Affordable housing bill hailed as ‘momentous step forward’

Measure provides $570M to develop 25,000 affordable units by 2030

The Maui News

Gov. David Ige signed into law Friday a bill to provide $570 million to generate more than 25,000 affordable housing units statewide by 2030.

An announcement of the bill signing from the state House of Representatives called the approval of House Bill 2748 “a momentous step forward in addressing Hawaii’s affordable rental housing crisis on all islands.”

House Housing Committee Chairman Tom Brower said: “This is an investment in the future that will allow our working families a chance to save money to buy a home of their own and will contribute to lawmakers’ efforts to end homelessness.”

According to the announcement, the measure supports development of affordable rental housing for a wide range of households, from low-income families to those earning up to 140 percent of an area’s median income.

The bill has four parts:

• It appropriates $200 million to the Rental Housing Trust Fund to build about 1,600 affordable rental homes for families at or below 80 percent of the median income.

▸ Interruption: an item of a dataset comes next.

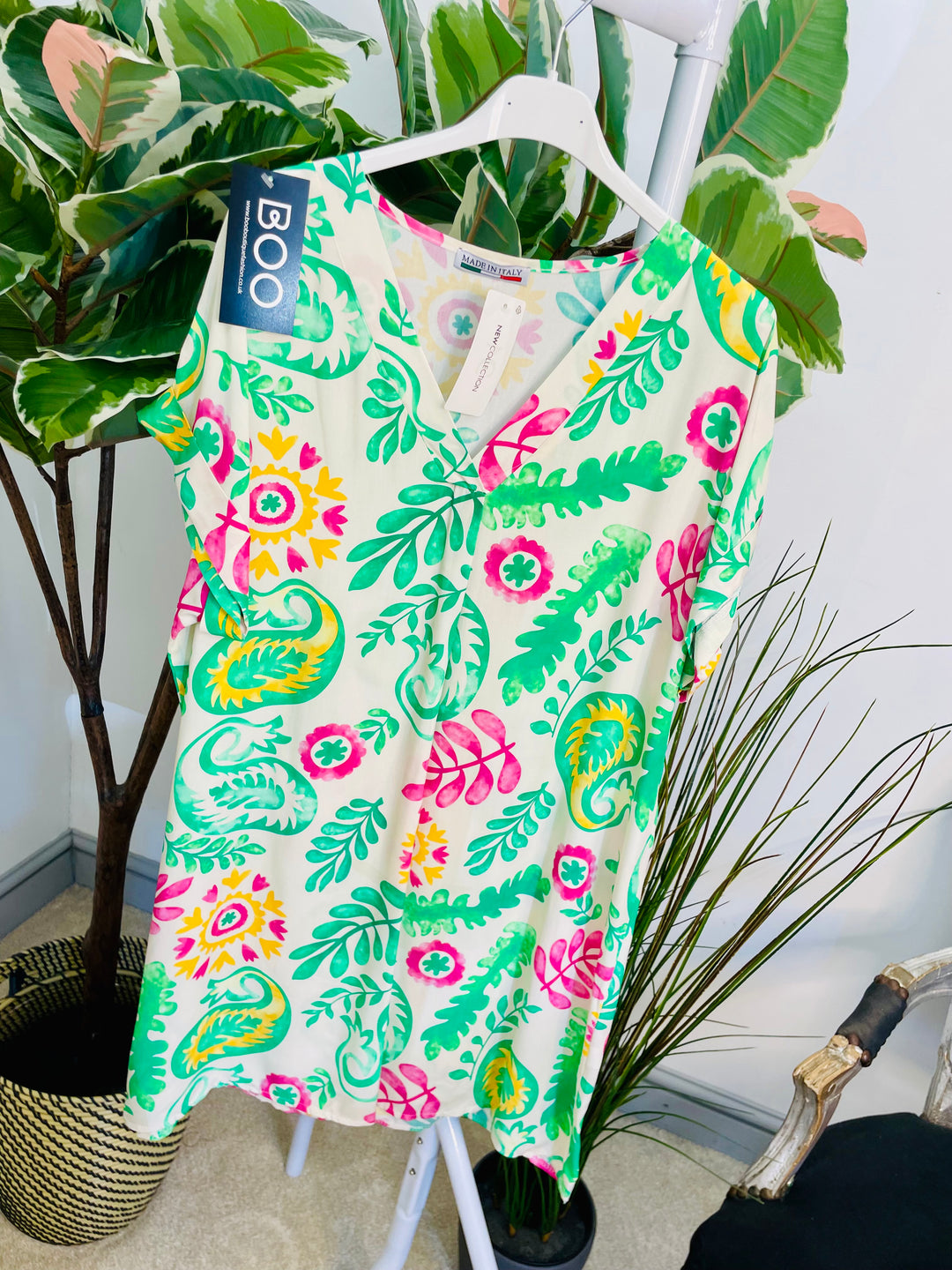 LADIES PAISLEY PRINT SHIFT SUMMER DRESS - PINK, GREEN & KHAKI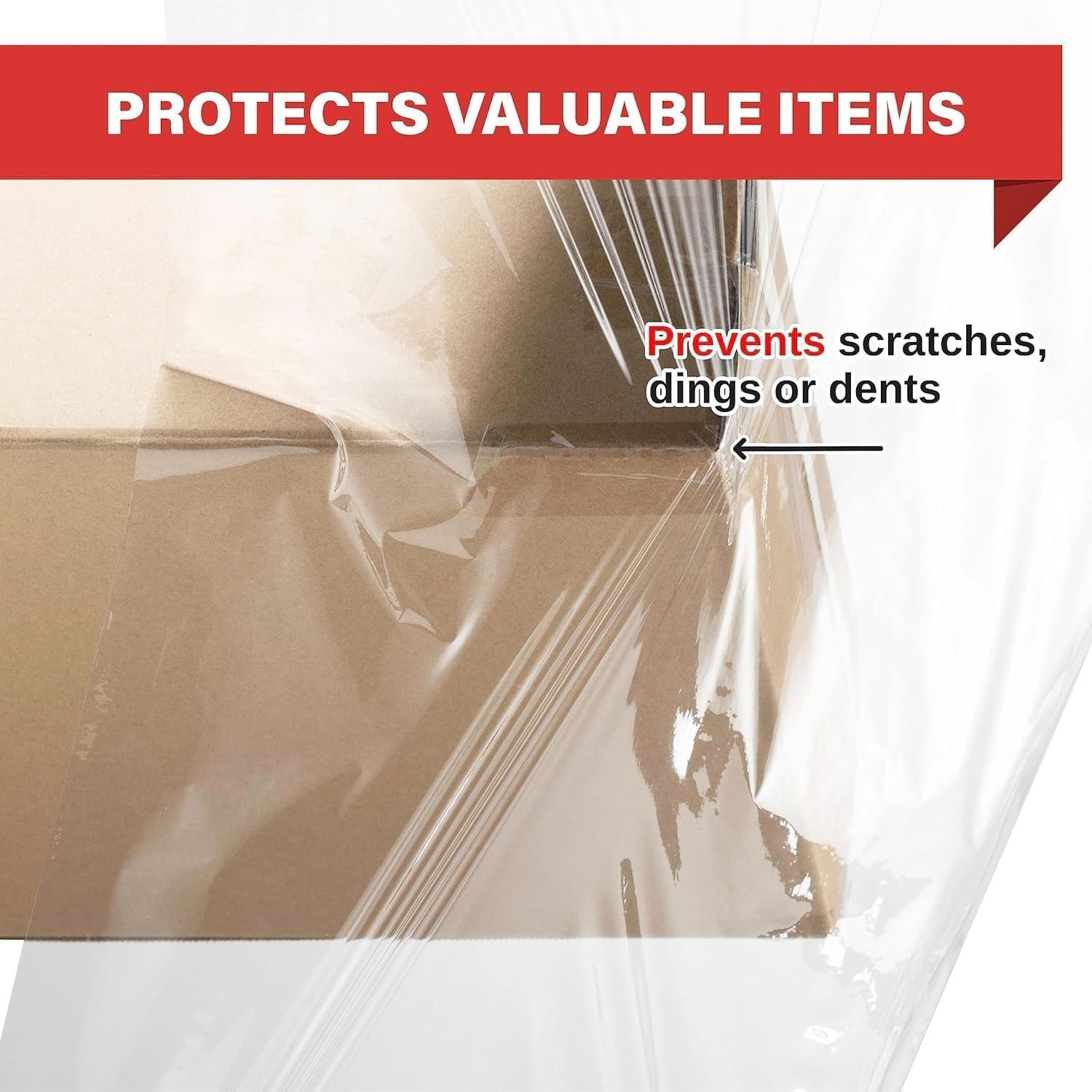 Durable 4-Pack Stretch Wrap - 17.5" Clear Industrial Film for Moving Supplies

The fund provides equity gap low-interest loans or grants to qualified owners and developers of affordable rental housing. Preference is given to projects that provide at least 5 percent of total units to people or families with incomes at or below 30 percent of median income. Preference also is given to projects that provide the most units to people or families with incomes at or below 80 percent of median income. At the end of fiscal year 2017, the fund had a balance of $156 million. The aim is to help low-income families and individuals, including homeless and special needs groups, obtain affordable rental housing.

• It expands the general excise tax exemption for construction of approximately 24,000 affordable rental units for families at or below 140 percent of an area’s median income, with at least 20 percent of the units available for households at or below 80 percent of median income. The exemption will increase from $7 million, which was the amount enacted in 2017, to $30 million per year, and it will be extended from the year 2022 to 2030. The projected value of the expanded general excise tax exemption amounts to $360 million over 12 years, according to the announcement.

• It appropriates $10 million into the Dwelling Unit Revolving Fund, which was established in 1970. The fund allows the issuance of $125 million in general obligation bonds for the Housing Development Program. Money may be used to acquire property for housing; to develop and build residential, commercial and industrial properties; and to provide interim and permanent loans to developers. The fund would increase by 10 percent to make available interim construction financing for affordable housing projects.

• It appropriates $50,000 to prepare an assessment of housing needs for people with low or no income, such as the disabled and functionally challenged populations. The appropriation commissions the Hawaii Housing Finance and Development Corp. to determine the number of people with special needs in Hawaii, identify the supportive services they may require and inventory the providers of supportive services statewide.